A. considered B. rather C. seriously D. mean
11. Circle the letter A, B, C, or D to indicate the underlined part that needs correction in the following
question:
Unlike him, I did not major in contracted farming at university, which partly accounts for my lack of knowledge
about this subject.
A. Unlike B. in C. contracted farming D. which
12. Circle the letter A, B, C, or D to indicate the underlined part that needs correction in the following
question:
The most frequently sung song in the world, ‘ Happy birthday to you’, was actually written with other set of
words by the Hill sisters in 1893.
A. sung song B. written C. other D. sisters
PART 3: Supply the proper forms of the words in brackets. (0.25 x 4 = 1 pt)
In the popular imagination, lions hunting for food present a marvel of group choreography: in the
dying light of sunset, a band of stealthy cats springs forth from the shadows like trained assassins and
surrounds its (1. suspect) ______________ prey. The lions seem to be archetypal social animals, rising
above petty dissension to work together towards a common goal - in this case, their next meal. But after
spending many years observing these creatures in the wild, we have (2. acquisition) ______________ a
less exalted view.
When we started our research in 1978, we hoped to discover why lions teamed up to hunt, rear cubs
and among other things, scare off rivals with chorused roars. If the ultimate success of an animal’s behavior
is measured by its lifetime production of surviving offspring, then cooperation does not necessarily pay: if an
animal is too generous, its companions benefit at its expense. Why, then, did not the (3. evolve)
___________________ rules of genetic self-interest seem to apply to lions?
We confidently assumed that we would be able to resolve that issue in two to three years. But lions
are supremely adept at doing nothing. To the list of inert noble gases, including krypton, argon and neon, we
would add lion. Thus it has taken a variety of research measures to (4. cover) ___________________ clues
about the cats’ behavior. Because wild lions can live up to 18 years, the answers to our questions are only
now becoming clear.

IV. WRITING:
PART 1: Complete the sentences without changing the meaning, using the words in brackets.
Do not change the word given. (4 x 0.25 = 2 pts)

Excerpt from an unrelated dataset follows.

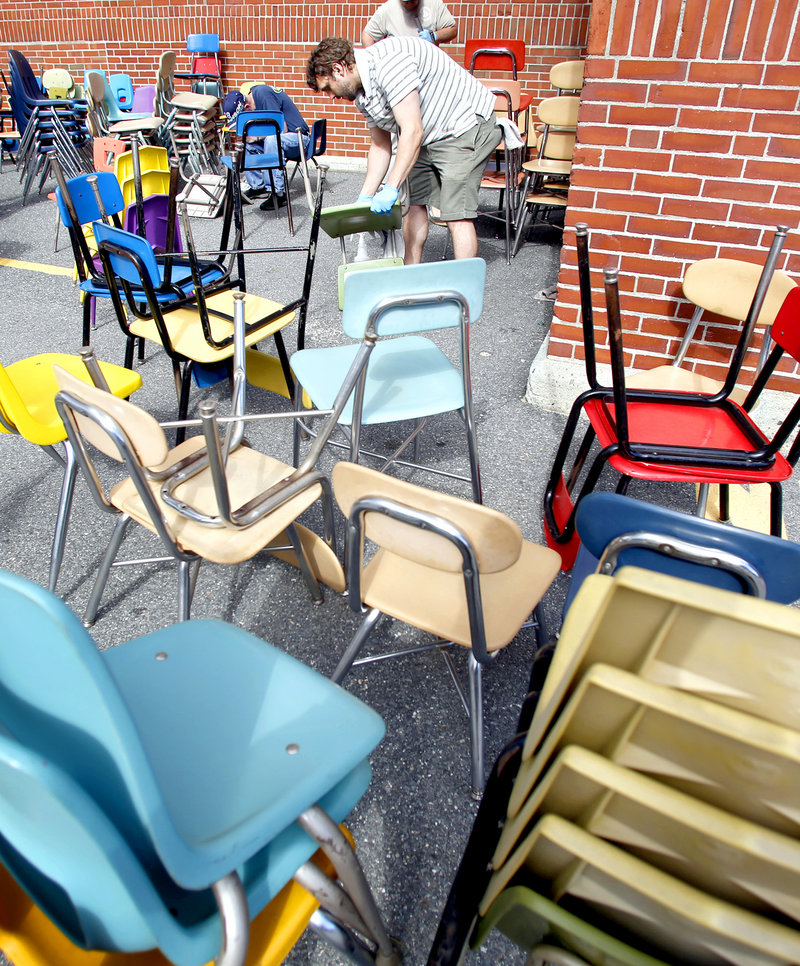 Michael Madison, a custodian at Presumpscot Elementary School, cleans chairs outside Cathedral School in Portland on Monday, Sept. 24, 2012. Custodians, city employees and teachers prepared the school for Hall Elementary students, who will begin classes at Cathedral on Tuesday.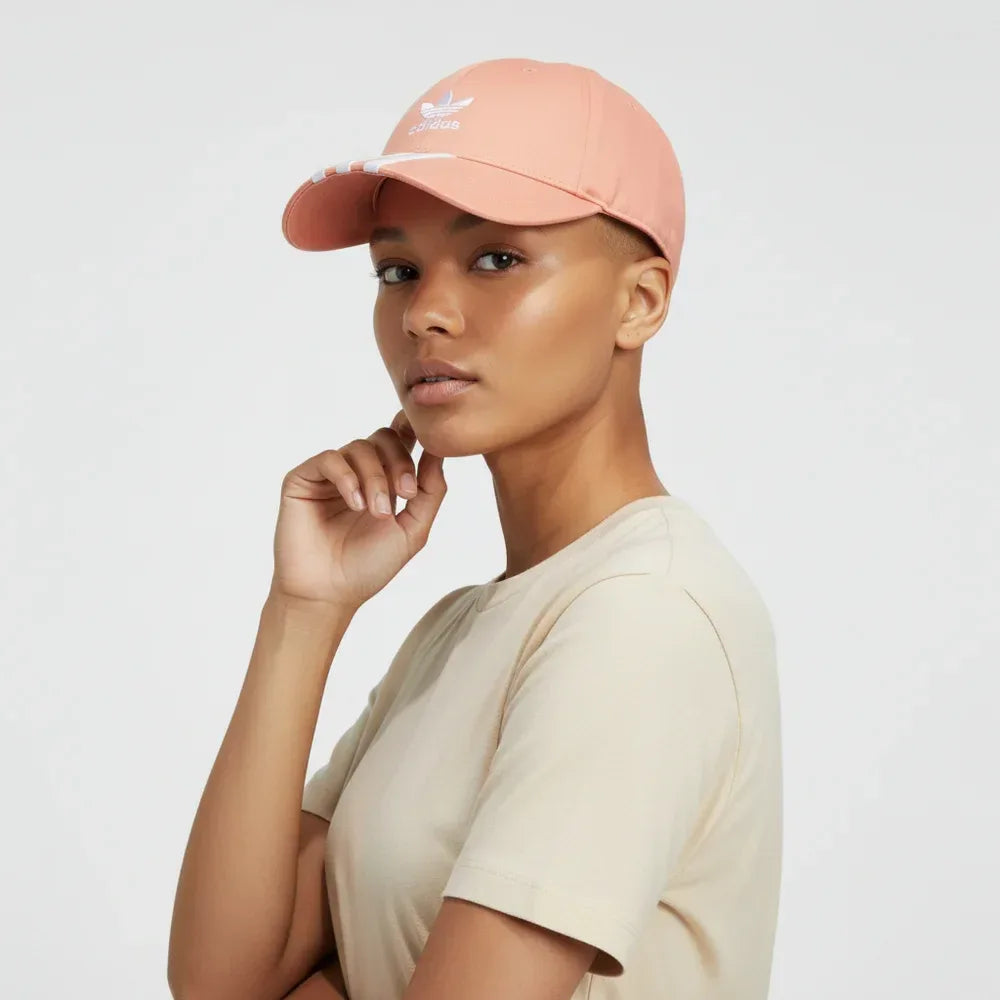 Person wearing a peach-colored cap with a brand logo on a light gray background Main image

1. My impression of him was that he was a very capable person. (STRUCK)
He _______________________________________________-.

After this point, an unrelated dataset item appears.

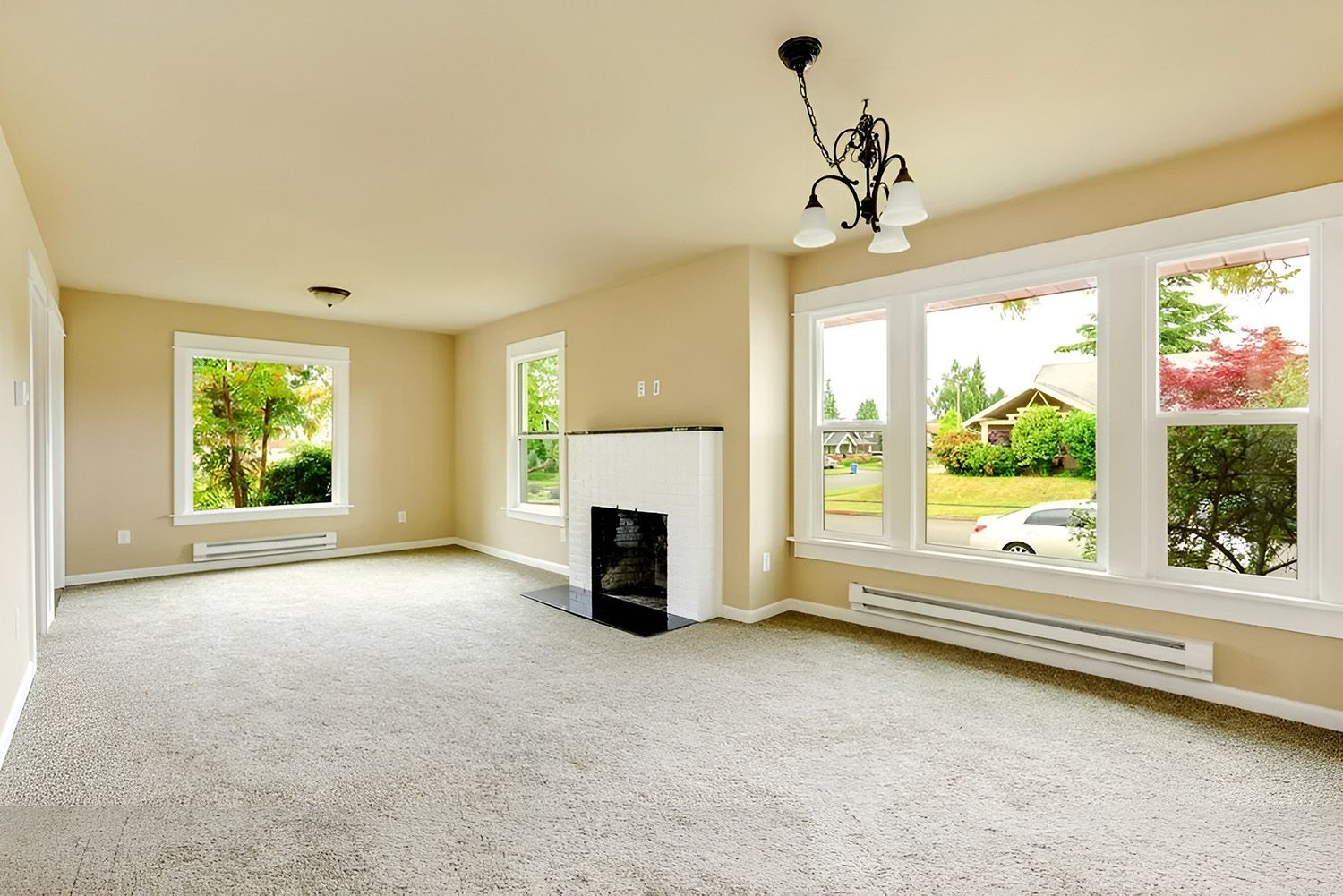 Empty Living Room with Beige Walls, Carpet, and Windows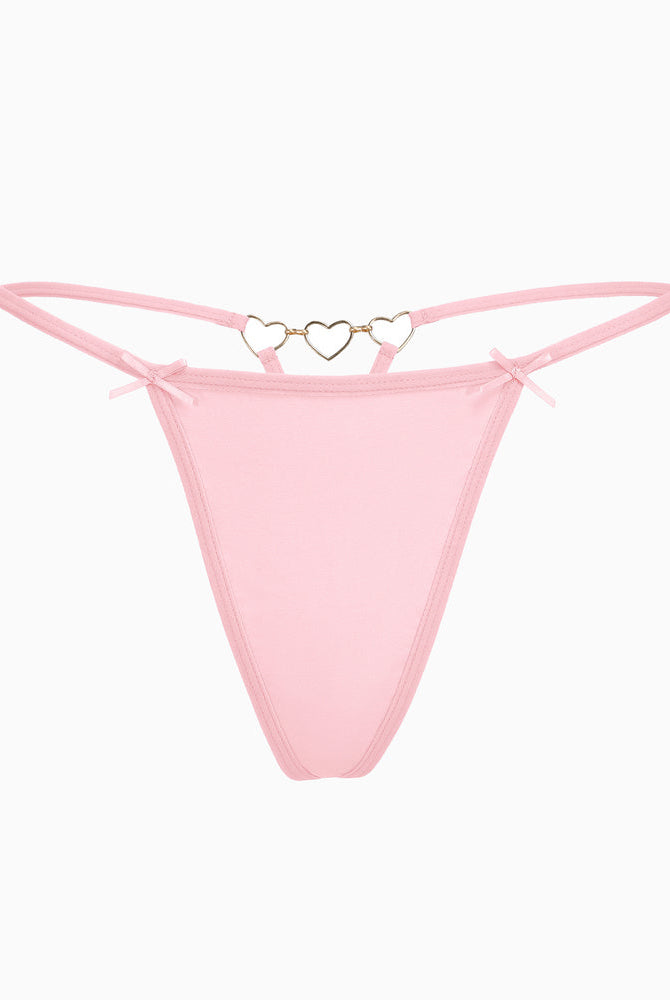 Pink G-string thong with gold heart ring and bow details. Comfortable and sexy lingerie for women.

2. My salary is half what I would be in the job I was offered in January. (TWICE)
If ________________________________________________________________.
3. The fighting finally caused the talks to grind to a halt. (down)
=> The talks_____________________________________________the fighting.
4. This may sound silly, but I cannot remember her name.(escapes)
=> Silly ________________________________________________me.
PART 2: Essay writing (3 pts)
It is widely agreed that social media has really changed the way we communicate with each other.
Some people like it, others are against it.
Write an essay (about 250-300 words) giving your own opinion on the issue.